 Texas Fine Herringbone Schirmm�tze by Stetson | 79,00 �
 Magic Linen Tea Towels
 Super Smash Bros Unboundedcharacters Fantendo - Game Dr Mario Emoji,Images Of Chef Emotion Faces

┄┄┄┄┄┄┄┄┄┄┄┄┄┄┄┄┄┄┄┄

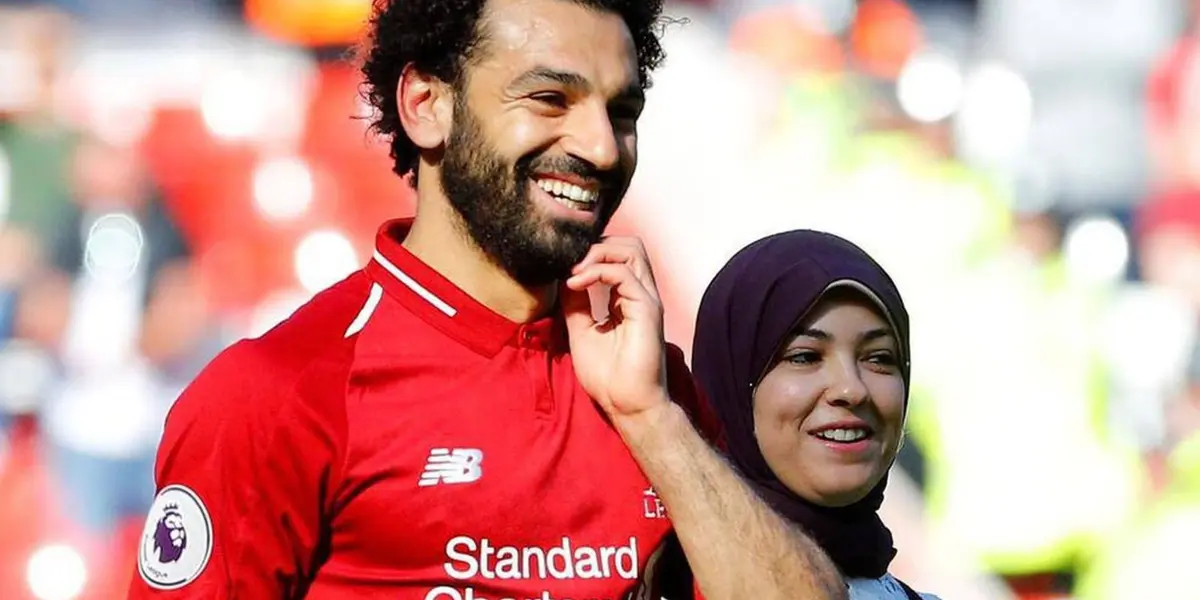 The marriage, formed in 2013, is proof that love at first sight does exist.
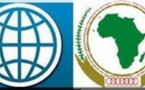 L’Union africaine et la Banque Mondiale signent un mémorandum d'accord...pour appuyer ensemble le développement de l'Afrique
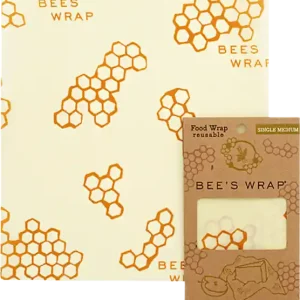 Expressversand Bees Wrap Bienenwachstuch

┄┄┄┄┄┄┄┄┄┄┄┄┄┄┄┄┄┄┄┄

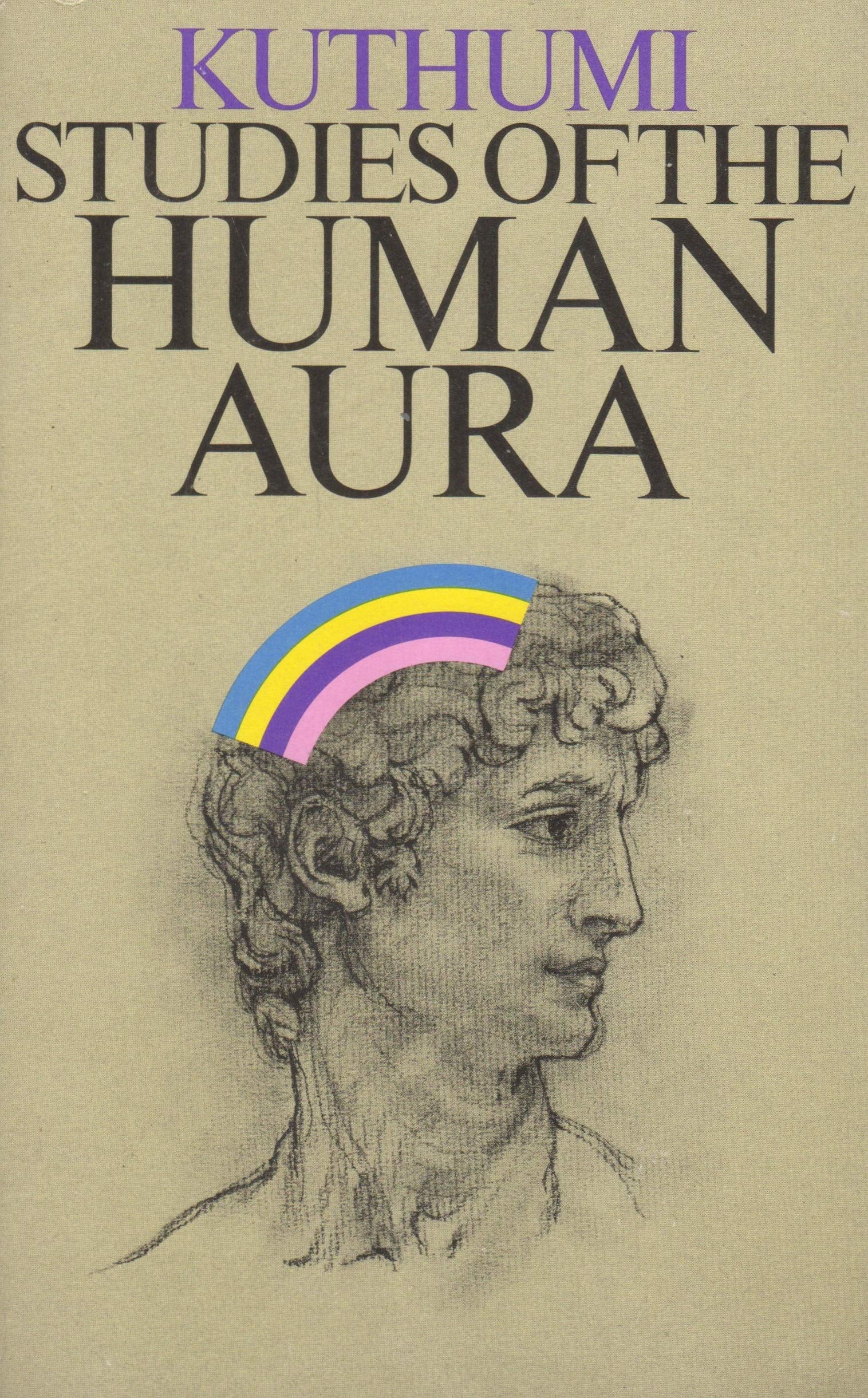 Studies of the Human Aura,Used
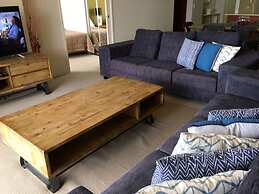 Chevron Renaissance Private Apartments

┄┄┄┄┄┄┄┄┄┄┄┄┄┄┄┄┄┄┄┄

## THE TASK
Starting from the line with "Studies of the Human Aura,Used" in the records above, repeat each line exactly until you have written the line with "Chevron Renaissance Private Apartments", then stop; drop the pictures.

## RESPONSE
 Studies of the Human Aura,Used
 Chevron Renaissance Private Apartments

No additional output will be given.